We put slides in this folder, in almost exactly the way they are organized with ubiquity-slideshow itself. Now would be a good time to install ubiquity-slideshow-ubuntu so you can use the base files as reference. Make sure you have at least version 61, because things have changed since Ubuntu 12.04.
With the defaults package, you get to extend /usr/share/ubiquity-slideshow/slides/l10n.
Back in our defaults package, let’s start by adding some locales. We are going to add translated text and screenshots for en@piglatin. To start, we create a new folder: “en@piglatin.”
The way this works is the slideshow will search the extra locale folder for a language and, if a particular file is available for that language, it will use it instead of the default. For example, we could replace welcome.jpg for the “it” locale, so when someone installs in Italian that picture will appear instead of the original welcome.jpg.
Let’s replace welcome.jpg for the en@piglatin locale! To replace a file, the easiest thing is to copy where it is in /usr/share/ubiquity-slideshow/slides. You can see there’s a screenshots folder there, with a bunch of screenshots. So, in our own “en@piglatin” folder, we’ll add a screenshots folder. Of course, what you would normally do is look at the original welcome.jpg and create something similar that works for your locale and your disk image, making sure to keep the same dimensions. I’m going to cheat a little.
One problem with the slideshow is that the screenshots are always in English. Now, you can include translated screenshots. As with anything else here, these go on top of the other files. An Ubuntu install in your language will show the translated screenshots, while an install in English (or any other language) will show the original English screenshots. There isn’t an actual Pig Latin Ubuntu for some reason, so I will translate a screenshot into French for an example.
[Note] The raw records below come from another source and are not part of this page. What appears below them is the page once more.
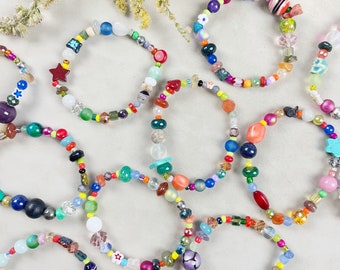 Confetti Bracelet/// Mixed Colorful Gemstone Bead Bracelet (EPJ-MMBA10)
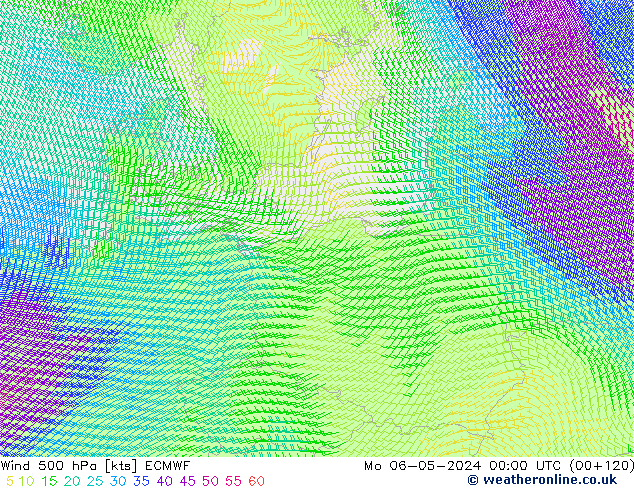 Wind 500 hPa ECMWF Mo 06.05.2024 00 UTC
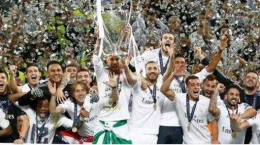 Perayaan Kemenangan Real Madrid di Liga Champions 2018 Sumber: tribunnews.com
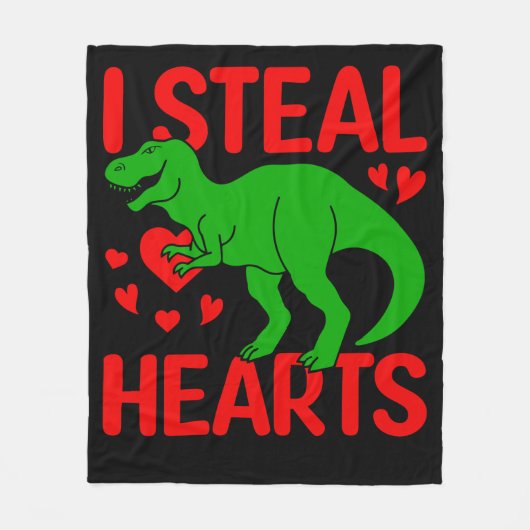 Green Dinosaur Valentijn I Steal Hearts Fleece Deken (Voorkant)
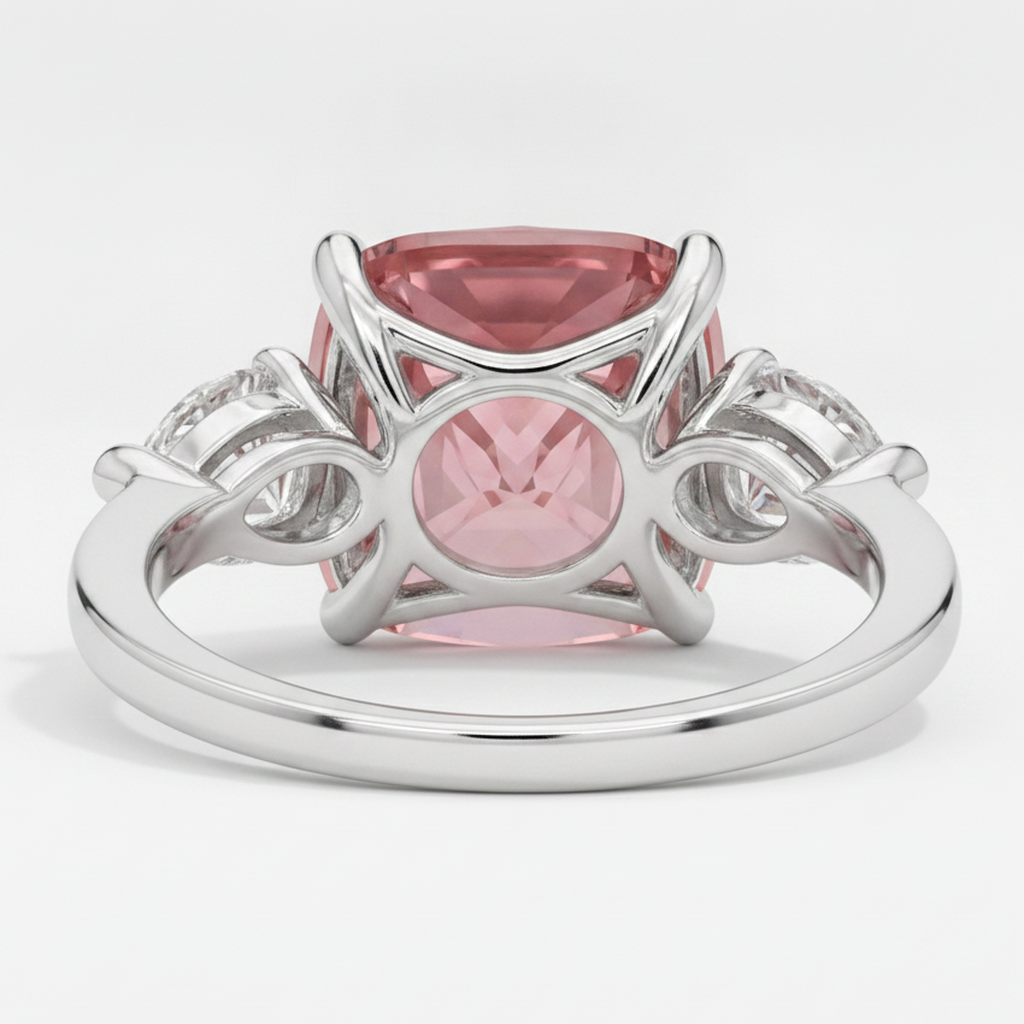 Cushion Padparadscha and White Pear Three Stone Ring Natural Platinum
Some rules of thumb for taking screenshots, if you don’t want to (or it isn’t practical to) do the same thing as the original:
- Do something practical, like search for a photo or read a web page: don’t open every menu in an application to demonstrate its features.
- You probably don’t want to have all your own stuff there for the world to see, but if you have some time try to invent a person. It’s just a little more fun than showing a blank photo manager with “Guest” at the top right of the screen.
- Use the defaults! Create a fresh user account and make sure you don’t touch the font size or the background picture.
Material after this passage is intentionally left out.